Long-Term Time-Lapse Experiments — part 2

| tags: photo

As a sequel to part 1, let's look at more... alternative ways of rendering a composite image.

Non-Negative Matrix Factorization

Consider the following problem: we have a set of \(N\) images, of size \(3 \times I_h \times I_w\) — that's \(I_h\) pixels tall, \(I_w\) pixels wide and with 3 color channels. We would like to represent each of our images as a weighted sum of \(K\) basis images, where \(K < N\) and the basis images are in some sense optimal, under the constraint that both the weights and the basis images are nonnegative.

(Note that this particular problem does not make all that much physical sense. More reasonable applications can be found in, e.g., decomposing approximatively additive mixtures of multiple sound sources.)

By reshaping our images into single \(3 I_h I_w\)-element column vectors, we can formulate the above as a matrix factorization problem, \[ \mathbf{V} \approx \mathbf{W} \mathbf{H}, \] where \(\mathbf{V}\) is the \(3 I_h I_w \times N\) matrix of original images, \(\mathbf{W}\) the \(3 I_h I_w \times K\) dictionary matrix of vectors representing the basis images, and \(\mathbf{H}\) the \(K \times N\) matrix of weights for each image. Typically, we then solve for \(\mathbf{W}\) and \(\mathbf{H}\) so that they minimize the Kullback-Leibler divergence between \(\mathbf{V}\) and \(\mathbf{W} \mathbf{H}\).

For more details, you may start from the Non-negative matrix factorization Wikipedia article. There are also some similarities to the concept of eigenfaces, often applied in facial recognition systems. Eigenfaces do not have the non-negativity restrictions, however.

What I have rendered here are the basis images for a rank-4 (i.e., \(K=4\)) approximation of \(N=32\) frames from "view #1". The outcome depends a lot on the (random) initialization; two representative samples are shown below. The nimfa Python library was used to do the hard part.

NMF basis images, run #1.

NMF basis images, run #2.

Some common points can be found in both sets of images.
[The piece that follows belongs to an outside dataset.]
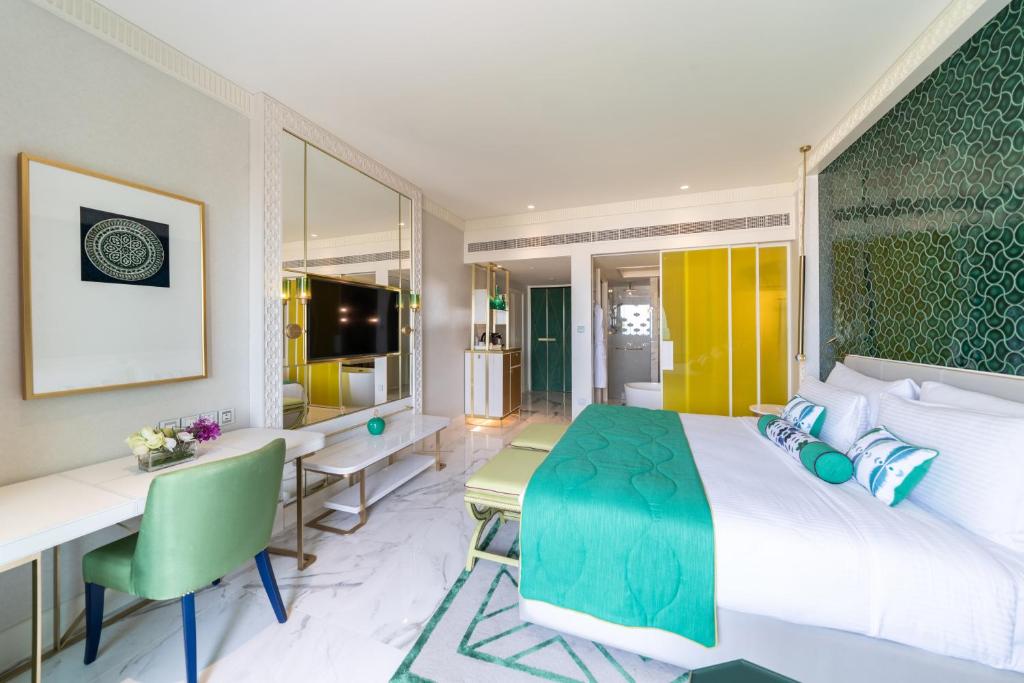 Mūsdienīgs viesnīcas numurs ar zaļiem un dzelteniem akcentiem, ietilpst gulta, rakstāmgalds un liels televizors, kā arī pieejama vannas istaba. Rūpīgi izstrādāta interjera dizains rada patīkamu un ērtu atmosfēru.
For example, both sets have a component image (or two) approximately corresponding to a sunny day, but also images with a "negative sun" in the same location. When approximating an overcast day using these images, the two suns more or less cancel out.

Hierarchical Clustering

Another machine-learning inspired way (can you guess my day job yet?) of looking at our image set is to apply a hierarchical clustering algorithm on it. For the following image, I've used the following, very simple, greedy agglomerative clustering algorithm, restricted to produce a full binary tree from \(2^N\) source images — in this case, \(2^5=32\).

Start with the set of \(2^N\) clusters of individual images. Repeatedly, find the pair of clusters with the smallest distance between them, group them to a single cluster and remove them from the set. When the set is empty, reinitialize it with the \(2^{N-1}\) pairs that were just generated. Continue the process until all images are in a single cluster.

There are several valid ways to define distances between images and clusters. Here, distance between two images was defined as the mean Euclidean distance between corresponding pixels when considered as vectors in \(\mathbb{R}^3\), matching the distances used for the TSP sorting in part 1. The distance between two clusters was defined as the mean distance over all pairwise image distances (mean linkage clustering, UPGMA).

Hierarchical clustering of 32 frames.

Bottom row contains all 32 original source images. For clusters higher up in the hierarchy, the average over all cluster members is shown. The clustering does manage to group "snow" and "not snow" rather nicely. (Admittedly, this is not a difficult task.)

Most Unique Pixels

Going on to less practical visualizations — and that's saying a lot — we can have a look at the composite image formed by selecting pixels from the source image that is, for that pixel, furthest away from the overall mean image. Here, we show both the per-pixel decisions as well as the result of smoothing the distances with a 15-pixel Gaussian blur. This could be considered an opposite of sorts for the commonly used practice of selecting the median pixel in order to, e.g., subtract people from photographs.

(I have heard it said that this looks like a 1980s album cover.)

Pixels most distant from the mean, individually.

Pixels most distant from the mean, smoothed.

Variance Across Overlapping Images

Of course, we can also look at simpler things. Here are the sample variances (for each color channel) across the corresponding pixels from each frame.

Per-pixel sample variance, view #1.

Per-pixel sample variance, view #2.

Histogram Equalization

As a purely stylistic choice, we can also apply some histogram equalization to the simple average images, to make them (arguably) "more otherworldly". Samples follow.

Histogram equalization for luminance, view #1.

Histogram equalization for all color channels, view #1.

Histogram equalization for luminance, view #2.

Histogram equalization for all color channels, view #2.